Pensó que probablemente todavía tardaría un rato en llegar. El día anterior, Gaby había hecho las paces con Livingstone y, según le había contado por teléfono, desde ahora se iba a tomar las cosas con una calma maravillosa. Sus ansias de ser madre se habían apaciguado gracias a los abrazos de Franklin y a su confesión de que él jamás deseó regresar a la Argentina, que sólo ideó el plan como solución a su falta de tino en el tema de la concepción. Se lo reconoció entre sollozos y a Gaby le pareció que no había niño más desvalido que su marido. Ya nada podría alterarla. Ni los problemas de
Librarte
ni la llegada implacable del periodo cada veintiocho días. Se había convertido en una balsa de aceite con el dibujo de la sonrisa del gato de Cheshire atravesándole la cara, le dijo.
Un par de horas antes, todavía de noche, a Asunción la había despertado el teléfono de la mesilla dándole un susto de muerte, seguido de un disgusto colosal y de un río de lágrimas incontenibles. Berta la había puesto al corriente de toda la trama de engaños urdida por César Barbosa, en la que María había resultado ser la cómplice amenazada, ellas, las víctimas inocentes, y la ruina de la revista, el resultado inevitable. Ahora, mientras esperaba a que Gaby se despidiera de Franklin en el portal, Asunción trataba de encontrar las palabras con las que darle las malas noticias con la mayor delicadeza posible.
No tuvo tiempo de ensayar el discurso. Gaby llegó canturreando a las nueve y media, subió los escalones de dos en dos, se desabrochó la gabardina colorada antes de ponerse a rebuscar en los intrincados barrios bajos de su enorme bolso las llaves de la oficina, se quitó la bufanda naranja, el gorrito azul, los guantes verdes. Se esquiló de tanta lana de colores. Abrió la puerta, entró, se sobresaltó al encontrarse a Asunción esperándola con el desayuno preparado sobre la fotocopiadora, calculó que tocaban a docena y media de churros por cabeza y entendió que se trataba de algo muy gordo.

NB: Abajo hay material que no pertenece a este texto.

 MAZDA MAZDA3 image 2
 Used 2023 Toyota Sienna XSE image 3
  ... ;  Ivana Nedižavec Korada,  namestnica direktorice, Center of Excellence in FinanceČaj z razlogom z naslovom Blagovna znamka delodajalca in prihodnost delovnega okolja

—Anda, Gaby, tómate algo, entra en calor, siéntate aquí —le dijo Asunción señalándole la mecedora, que había traído a rastras desde el despacho de Berta y ahora ocupaba la mayor parte del espacio libre entre las mesas de trabajo y la librería.
—Esto no es para celebrar que Franklin y yo hemos hecho las paces. Ha pasado algo, ¿verdad?
—Hija, sí. Una cosa muy fea. —Asunción no pudo evitar que otra vez las lágrimas asomaran a sus ojos. Se tomó todo el chocolate de golpe y dejó la taza vacía sobre la alfombrilla del ratón de su ordenador.
Gaby obedeció. Tomó asiento y se agarró con fuerza a los reposabrazos como si aquella mecedora fuera una balsita en medio del océano.
—¿Tú te acuerdas de César Barbosa?
—El Pirata.
—Ése. Pues resulta que hace cosa de un año que anda liado con María.
—¡No jodas que el amante de María es Barbosa!